4. The data processing method of claim 3, wherein

the determining of the second speaker comprises:

extracting feature values from sensing information acquired through the voice of the second speaker; and

inputting the feature values to an artificial neural network (ANN) trained to distinguish the second speaker through the feature values and determining the second speaker from an output of the ANN,

wherein the feature values are values for distinguishing the second speaker.

5. The data processing method of claim 4, wherein

the voice of the second speaker includes speaker identification, acoustic event detection, gender and age detection, voice activity detection, and emotion classification.

6. The data processing method of claim 1, wherein

the agent of the second speaker determines normal connection upon receiving information on the second speaker from the agent of the first speaker.

7. The data processing method of claim 6, wherein

the agent of the second speaker transmits information on the normal connection to a second smart device connected to the agent of the second speaker.

8. The data processing method of claim 3, further comprising:

receiving downlink control information (DCI) used for scheduling transmission of the voice of the second speaker,

wherein the voice of the second speaker is transmitted to the network based on the DCI.
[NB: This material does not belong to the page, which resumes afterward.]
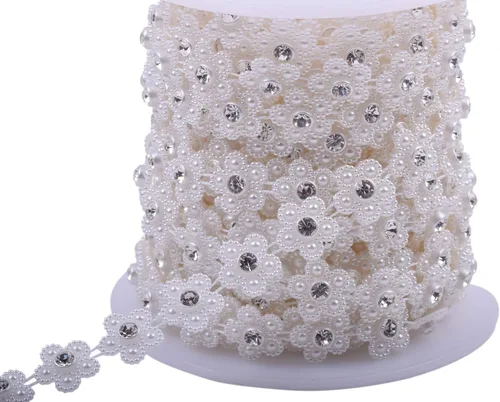 Miniatura 2 de KAOYOO - Cadena con cuentas en forma de flor y diamantes de imitación de 9 metros (10 yardas) para bodas, decoración, bricolaje..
9. The data processing method of claim 8, further comprising:

performing an initial access procedure with the network based on a synchronization signal block (SSB),

wherein the voice of the second speaker is transmitted to the network via a physical uplink shared channel (PUSCH), and

wherein the SSB and a demodulation reference signal (DM-RS) of the PUSCH are quasi-co-located (QCL) for a QCL type D.

10. The data processing method of claim 8, further comprising:

controlling a transceiver to transmit the voice of the second speaker to an AI processor included in the network; and

controlling the transceiver to receive AI-processed information from the AI processor,

wherein the AI-processed information is information for determining the second speaker.